>>>>
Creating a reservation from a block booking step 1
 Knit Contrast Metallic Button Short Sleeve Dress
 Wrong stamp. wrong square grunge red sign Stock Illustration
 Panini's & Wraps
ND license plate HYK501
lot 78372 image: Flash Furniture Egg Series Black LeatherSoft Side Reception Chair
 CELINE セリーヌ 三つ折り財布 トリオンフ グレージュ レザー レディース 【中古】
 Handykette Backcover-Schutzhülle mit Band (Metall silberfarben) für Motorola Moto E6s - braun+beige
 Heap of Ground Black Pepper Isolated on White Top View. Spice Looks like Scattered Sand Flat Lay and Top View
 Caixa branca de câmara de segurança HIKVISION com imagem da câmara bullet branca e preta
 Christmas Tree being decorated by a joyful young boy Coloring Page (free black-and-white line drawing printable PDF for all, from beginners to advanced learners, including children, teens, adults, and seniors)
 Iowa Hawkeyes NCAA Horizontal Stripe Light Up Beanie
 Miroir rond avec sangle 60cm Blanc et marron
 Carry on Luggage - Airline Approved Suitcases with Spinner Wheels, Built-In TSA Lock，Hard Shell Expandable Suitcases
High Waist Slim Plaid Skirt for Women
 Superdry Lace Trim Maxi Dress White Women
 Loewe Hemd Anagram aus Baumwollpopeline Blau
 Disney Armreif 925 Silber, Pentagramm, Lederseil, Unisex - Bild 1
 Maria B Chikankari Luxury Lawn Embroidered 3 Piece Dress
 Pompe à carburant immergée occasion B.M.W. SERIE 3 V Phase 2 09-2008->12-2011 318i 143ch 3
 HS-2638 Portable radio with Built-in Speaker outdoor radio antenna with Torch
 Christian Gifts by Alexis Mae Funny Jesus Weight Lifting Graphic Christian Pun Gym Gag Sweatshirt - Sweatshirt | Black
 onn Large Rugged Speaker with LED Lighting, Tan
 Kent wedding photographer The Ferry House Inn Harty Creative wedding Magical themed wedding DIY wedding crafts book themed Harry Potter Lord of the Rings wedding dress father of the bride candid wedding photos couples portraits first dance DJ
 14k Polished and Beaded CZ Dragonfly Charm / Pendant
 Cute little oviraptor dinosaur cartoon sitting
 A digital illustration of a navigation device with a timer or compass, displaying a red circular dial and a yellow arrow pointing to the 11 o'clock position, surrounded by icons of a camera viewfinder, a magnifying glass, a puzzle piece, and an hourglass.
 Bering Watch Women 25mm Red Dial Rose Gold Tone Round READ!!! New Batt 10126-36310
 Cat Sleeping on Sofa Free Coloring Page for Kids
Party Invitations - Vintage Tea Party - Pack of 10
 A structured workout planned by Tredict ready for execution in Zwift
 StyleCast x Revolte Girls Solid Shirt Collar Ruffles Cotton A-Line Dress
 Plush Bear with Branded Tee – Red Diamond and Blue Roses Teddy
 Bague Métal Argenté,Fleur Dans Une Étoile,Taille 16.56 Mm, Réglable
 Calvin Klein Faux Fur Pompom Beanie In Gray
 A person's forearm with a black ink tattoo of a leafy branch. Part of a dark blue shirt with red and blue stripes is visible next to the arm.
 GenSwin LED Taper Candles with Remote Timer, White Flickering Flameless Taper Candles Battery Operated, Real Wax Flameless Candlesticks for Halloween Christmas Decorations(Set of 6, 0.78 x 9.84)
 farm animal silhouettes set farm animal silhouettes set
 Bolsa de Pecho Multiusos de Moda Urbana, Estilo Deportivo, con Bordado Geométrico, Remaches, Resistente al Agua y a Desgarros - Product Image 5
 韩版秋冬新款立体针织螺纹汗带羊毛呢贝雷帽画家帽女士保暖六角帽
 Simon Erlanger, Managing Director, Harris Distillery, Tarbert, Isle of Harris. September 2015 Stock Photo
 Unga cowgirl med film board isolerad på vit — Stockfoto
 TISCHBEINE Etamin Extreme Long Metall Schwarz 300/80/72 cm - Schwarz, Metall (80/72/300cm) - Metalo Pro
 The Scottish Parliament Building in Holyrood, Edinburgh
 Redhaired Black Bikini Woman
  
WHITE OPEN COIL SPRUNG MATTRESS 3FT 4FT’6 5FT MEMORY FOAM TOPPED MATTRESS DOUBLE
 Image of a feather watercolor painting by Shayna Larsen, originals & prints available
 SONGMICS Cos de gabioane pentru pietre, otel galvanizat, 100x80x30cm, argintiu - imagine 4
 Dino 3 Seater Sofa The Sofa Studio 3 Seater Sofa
<<<<
Taking the entries above, write out exactly each line from the one holding "Maria B Chikankari" to the one holding "Christian Gifts by", both included, and stop there.

 Maria B Chikankari Luxury Lawn Embroidered 3 Piece Dress
 Pompe à carburant immergée occasion B.M.W. SERIE 3 V Phase 2 09-2008->12-2011 318i 143ch 3
 HS-2638 Portable radio with Built-in Speaker outdoor radio antenna with Torch
 Christian Gifts by Alexis Mae Funny Jesus Weight Lifting Graphic Christian Pun Gym Gag Sweatshirt - Sweatshirt | Black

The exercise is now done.